Freitag, 23. Juni 2017

Standort D Heimliche Herrscher

Ein neuer Typ von Großanlegern übernimmt die Macht in deutschen Konzernen - und lehrt die Vorstände das Fürchten. Wer sind die Turbokapitalisten, die Deutschlands Topmanager vor sich hertreiben? manager magazin stellt die 30 aggressivsten Investoren vor.

Es war ungewöhnliche Post, die Ende August 2006 die Aufsichtsräte der Tui AG Börsen-Chart zeigen erreichte: eine Sammlung von Magazin- und Zeitungsartikeln. Alle befassten sich mit der Lage des Tourismuskonzerns. Alle schilderten vor allem die Schwächen. Noch ungewöhnlicher als der Inhalt war der Ort, an dem die kleine Horrorshow aus dem Fax surrte: der Robinson Club Amadé im Salzburger Land.

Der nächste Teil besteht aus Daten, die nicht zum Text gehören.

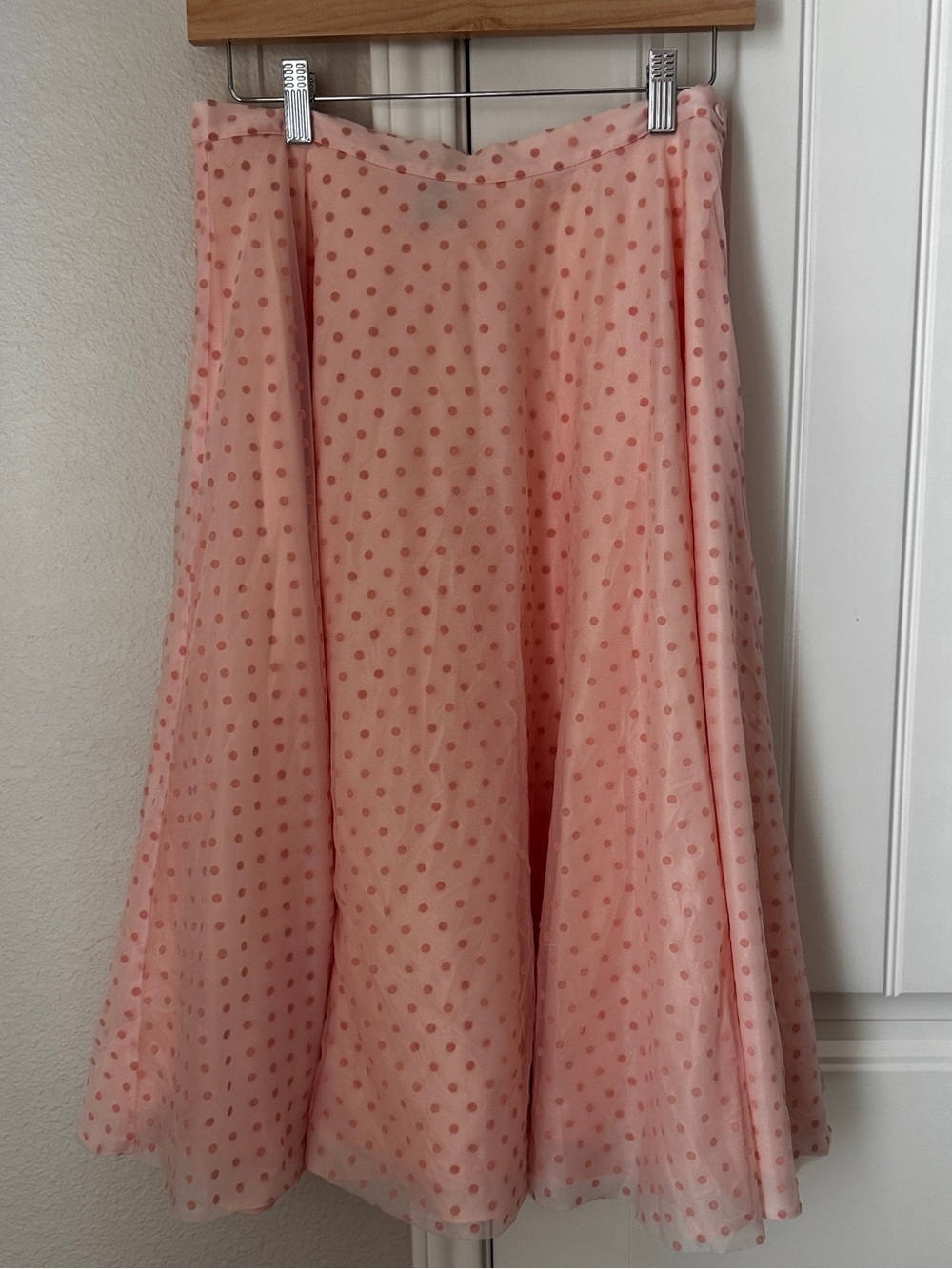 Moda International Skirt Women 8 Pink Polka Dot Sheer feminine Barbie ballerina
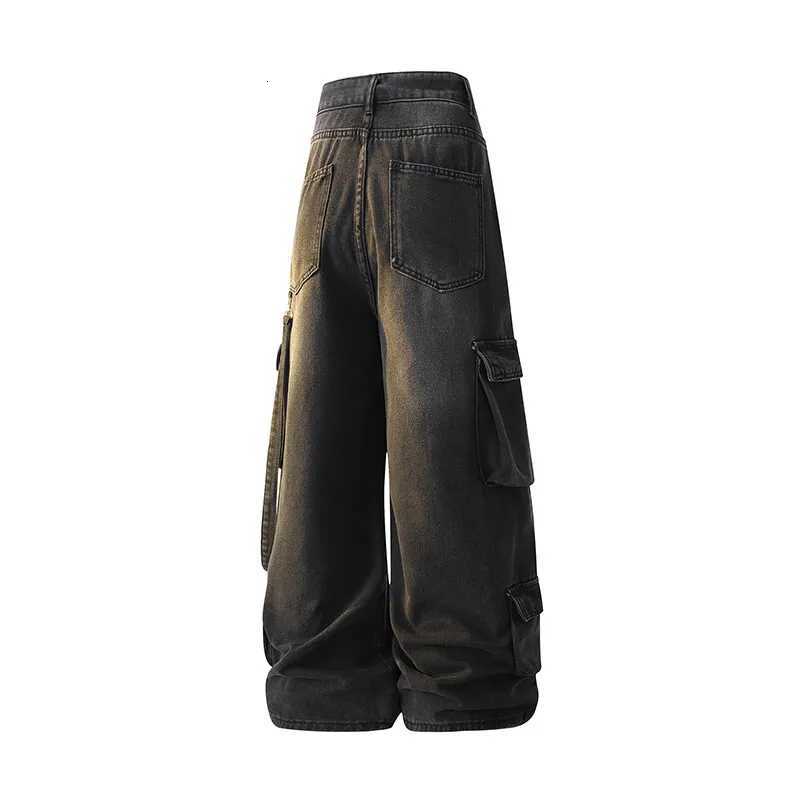 Men's Jeans Multi-poCKet Design High-street Cargo Pants Women 2025Wide-leg Washable High-waisted Jeans Baggy Trousers H260924 - view 4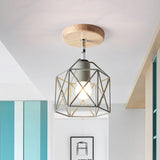 Modern Metal Hexagon Ceiling Light - Gray/White/Pink/Yellow/Blue/Green Semi Flush Mount For Bedroom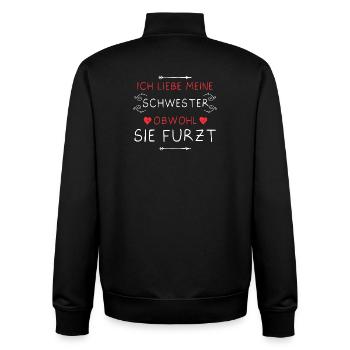 Ich liebe meine Schwester Furzt Furzen Pupsen - Unisex Organic Zip Sweatshirt von Stanley/Stella - Schwarz - Hinten - AI Model Male 185 light (185cm)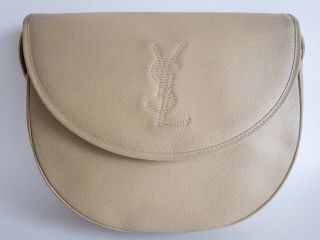 Auth Ysl Yves Saint Laurent Sacs Beige Leather Shoulder Crossbody Bag Vintage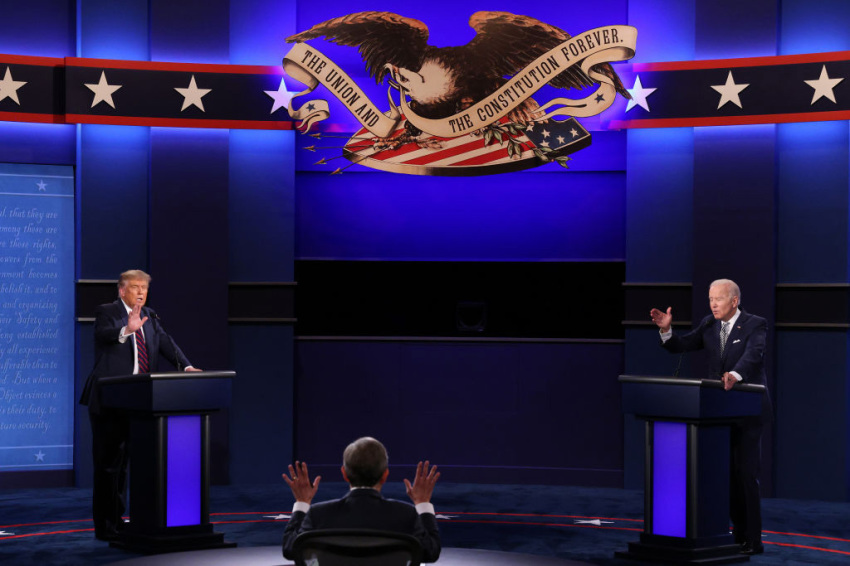 U.S. President Donald Trump and Democratic presidential nominee Joe Biden participate in the first presidential debate moderated by Fox News anchor Chris Wallace (C) at the Health Education Campus of Case Western Reserve University on September 29, 2020, in Cleveland, Ohio. This is the first of three planned debates between the two candidates in the lead up to the election on November 3, 2020.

Tui-Chef Michael Frenzel (59) hatte den Aufsichtsrat zum dreitägigen Strategietreffen in die Freizeitanlage geladen. Aber nicht einmal hier im beschaulichen Kleinarl hatte er Ruhe vor seinem gefährlichsten Gegner: Stephan Howaldt (40). Der Deutsche in Diensten des britischen Pensionsfonds Hermes bedrängt Frenzel schon seit Monaten. 3 Prozent der Tui-Aktien haben die Briten erworben; und es ist nicht ihre Art, brav Tee zu trinken und auf Kursgewinne zu warten.

Mal besucht Howaldt den Tui-Chef und erklärt ihm, wie er sich die künftige Strategie des hoch verschuldeten Konzerns vorstellt. Mal verbündet er sich mit Klaus Kaldemorgen (53), dem Chef der Fondsgesellschaft DWS, und erläutert Tui-Aufsichtsratschef Jürgen Krumnow (62), was mit dem Konzern passieren muss: etwa, dass aus Tui binnen maximal 18 Monaten zwei Unternehmen werden sollten; eins für Tourismus und eins für Containerschifffahrt. Mal hat er das Gefühl, dass zu wenig passiert, und schiebt einen Stapel Papier ins Fax. Einfach nur, um die Aufsichtsräte daran zu erinnern, wie schlecht es dem Konzern unter Frenzels Führung ergehe.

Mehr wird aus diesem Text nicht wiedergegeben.